For the Birds: My 2021 Winner - Oregon Junco

Wednesday, January 6, 2021

Male Oregon Junco. Photo by Craig Kerns

By Christine Southwick
 
The first birds I saw New Year’s Day was a group of Oregon Juncos.

There are actually several subspecies of the Dark-eyed Junco in the northwest, but most people in this area only see the Oregon Junco, and occasionally in the wintertime a migrating Slate-colored Junco.

Female Oregon Junco (note the gray head)
Photo by Craig Kerns
Indeed, some people only have juncos in their yards starting in September when most juncos fly down from higher altitudes to savor our milder winter climate and more abundant foods.

These same juncos leave to go back to higher grounds in late April-May.

Juncos belong to the Sparrow Family, which means that they are ground nesters, with the female selecting and building her nest on or near the ground, hiding it behind a fern, tree root, or any other safe hiding place, including hanging potted plants.

The female broods 3-5 eggs for 10-13 days, and the young leave about 10 -12 days later.  This is the danger time for all ground nesters, and for safety the young often will scrabble out of the nest before they can fly.

Male feeding his fledgling. If you see an adult feeding a fledgling,
 then your yard is doing a good job.
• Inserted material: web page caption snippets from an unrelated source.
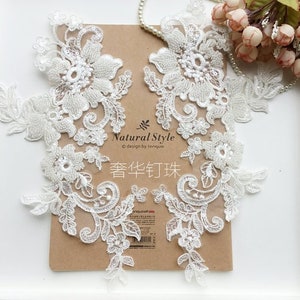 May include: White lace trim with pearl accents. The lace features a floral design with delicate details. The trim is perfect for adding a touch of elegance to any project.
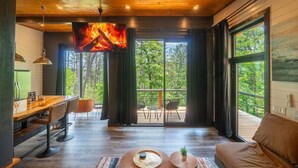 A modern interior with a wooden ceiling, a dining area with bar stools, a sofa, and a large window offering a view of the outdoors.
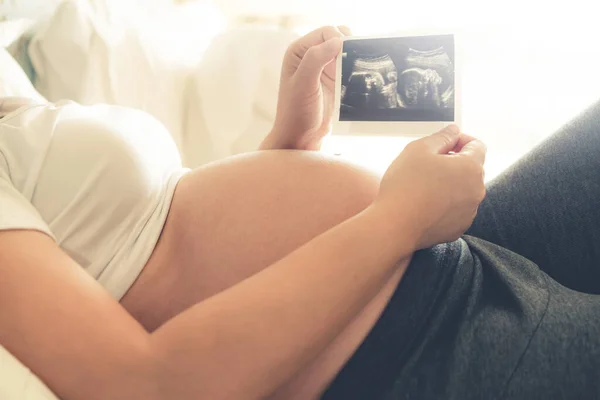 Mujer embarazada feliz y esperando un bebé en casa. — Foto de Stock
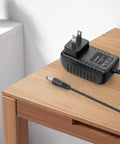 Top Shelf Replacement AC Adapter For Skil And Bosch Handheld Power Tools Straight 6V Output Charger on wooden table with plug.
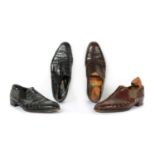 A pair of John Lobb black crocodile leather slip-on shoes,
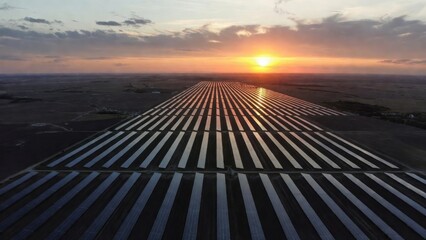 Aerial wide shot of a massive solar panel farm stretching to the horizon at sunset. Rows of photovoltaic panels reflect the golden light of the sun under a picturesque sky, representing renewable ener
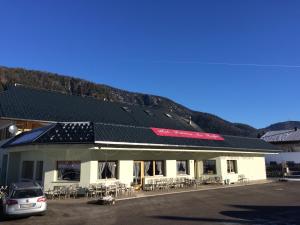 a building with a car parked in front of it at Da Alsido in Camporosso in Valcanale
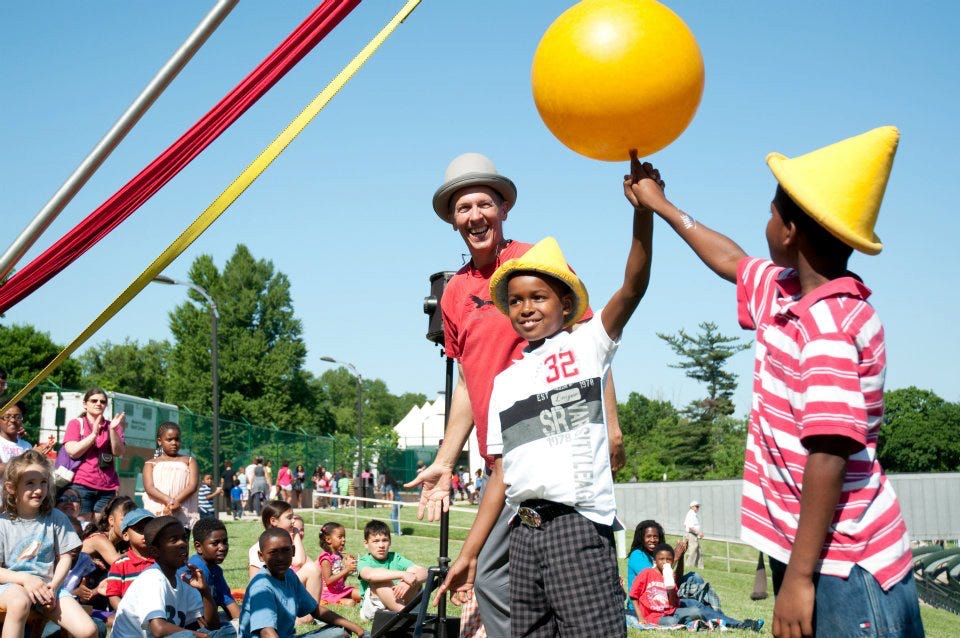 2 boys spinning a yellow ball on their finger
Photo by Christine Southwick.
Both parents feed their young for a couple more weeks. 

A seasonally monogamous pair usually have a couple of broods each year with the male feeding the first set of youngsters while the female is on the second set of eggs.

Dark-eyed Juncos flick their white outer tail feathers when eating, flitting, flying, and when the males are courting females. 

In the summer, the males are very assertive, and you may see males chasing others off. 

These flashes of white tail feathers are a diagnostic clue to identify this ground-hopping bird from other sparrow species.

The Slate-colored junco is a rare winter visitor
Stock photo
Some local neighbors with sheltering native plants and safe nesting sites have Oregon Juncos in their yards all year long.

These juncos, especially if there are juvenile birds being fed, are proof that yards with year-round water, native plants, space for safely raising young (which includes no pesticides), makes a difference for wild birds.

Make this year the year you make your yard one of these havens. Plant it and they will come.